About this task: Will you write out the data exactly, excluding every picture?

*** Opening Given material ***

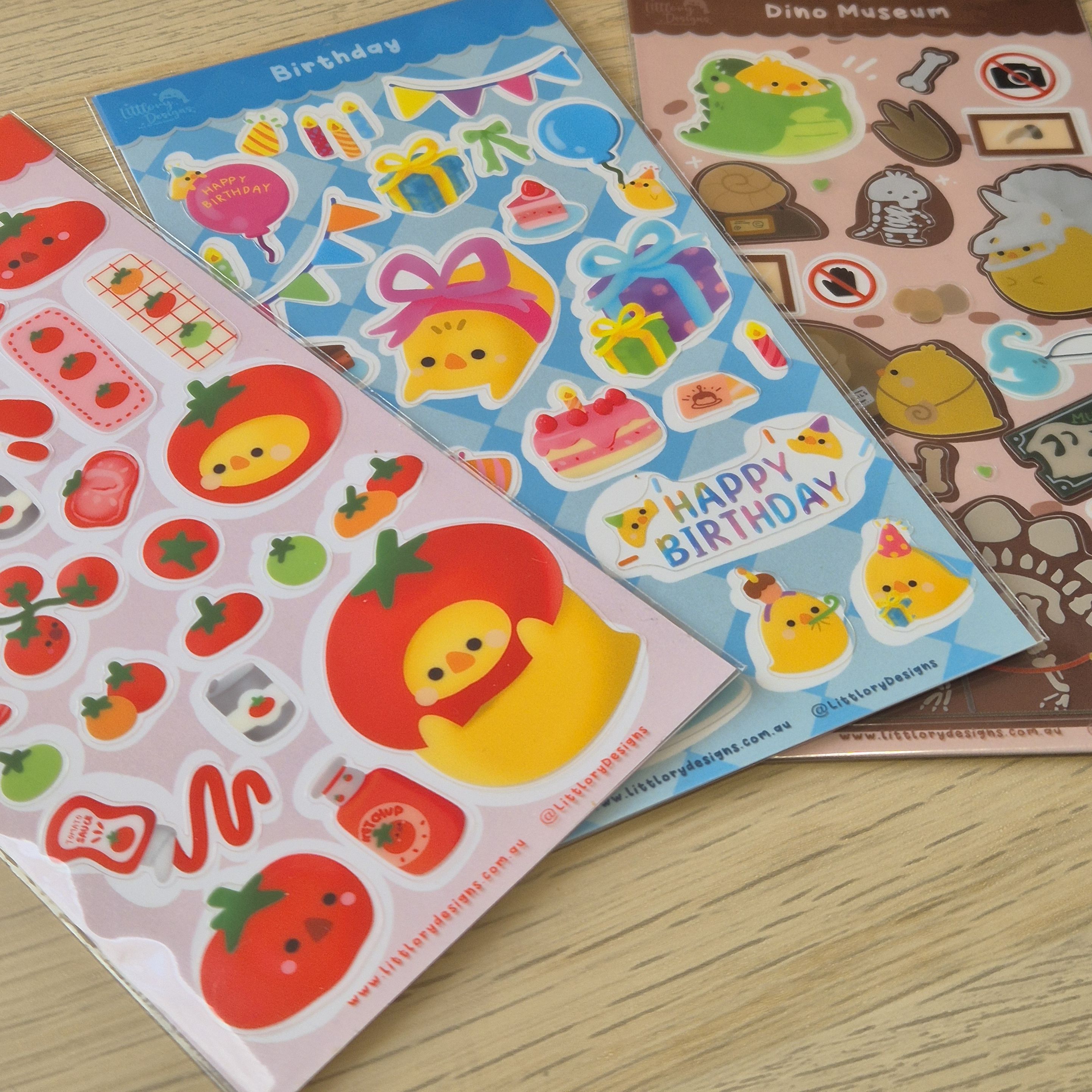 Pulu themed sticker 
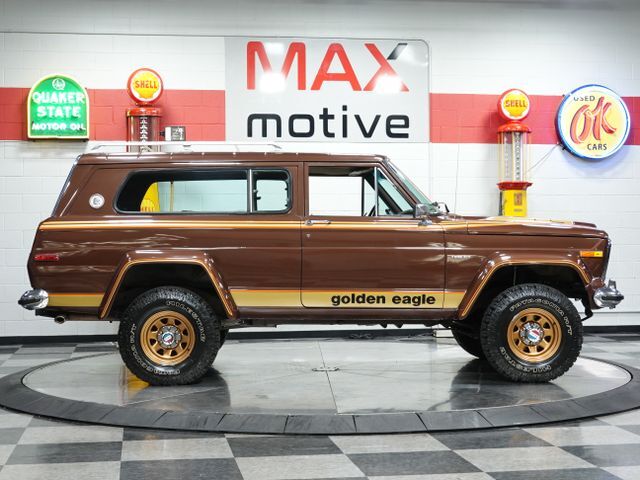 Owner 1978 Jeep Cherokee Golden Eagle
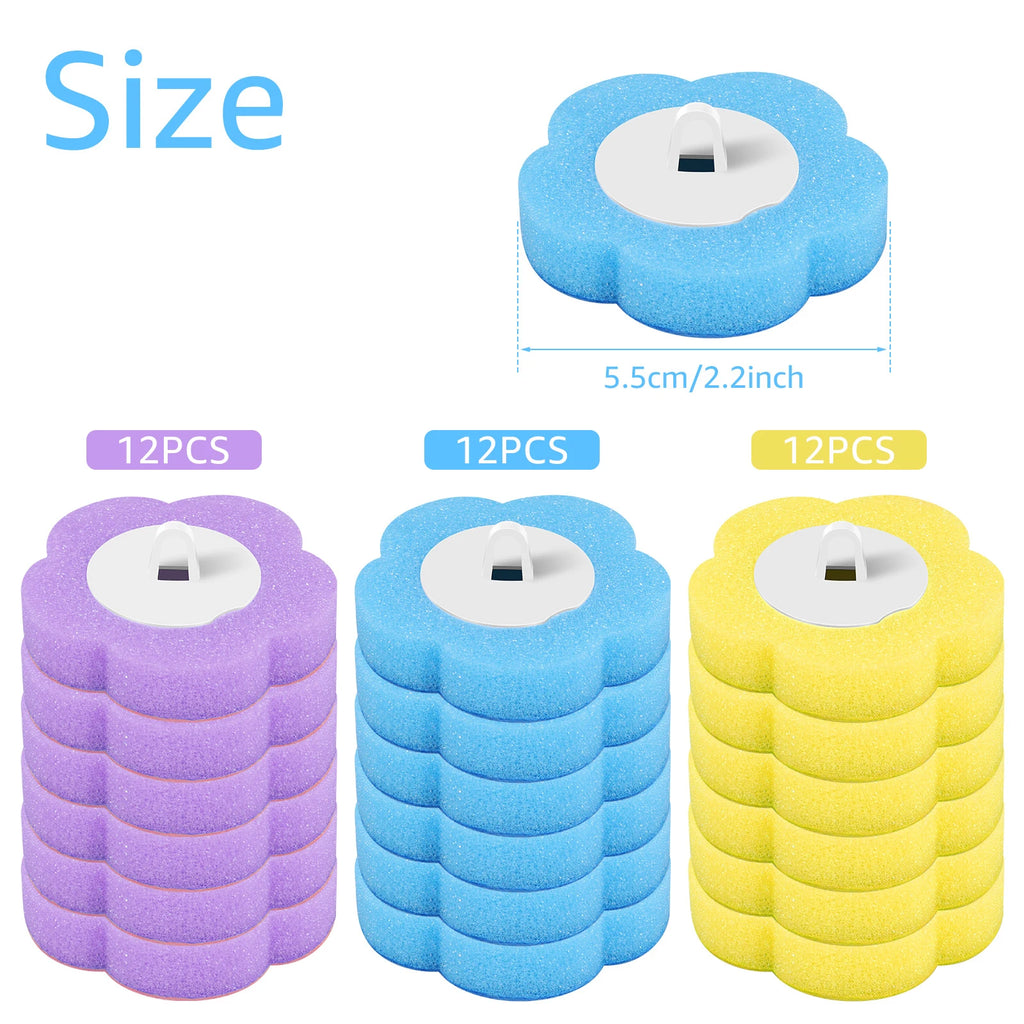 No-Touch Toilet Brush Set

*** Closing Given material ***

Exercise answer:
 Pulu themed sticker 
 Owner 1978 Jeep Cherokee Golden Eagle
 No-Touch Toilet Brush Set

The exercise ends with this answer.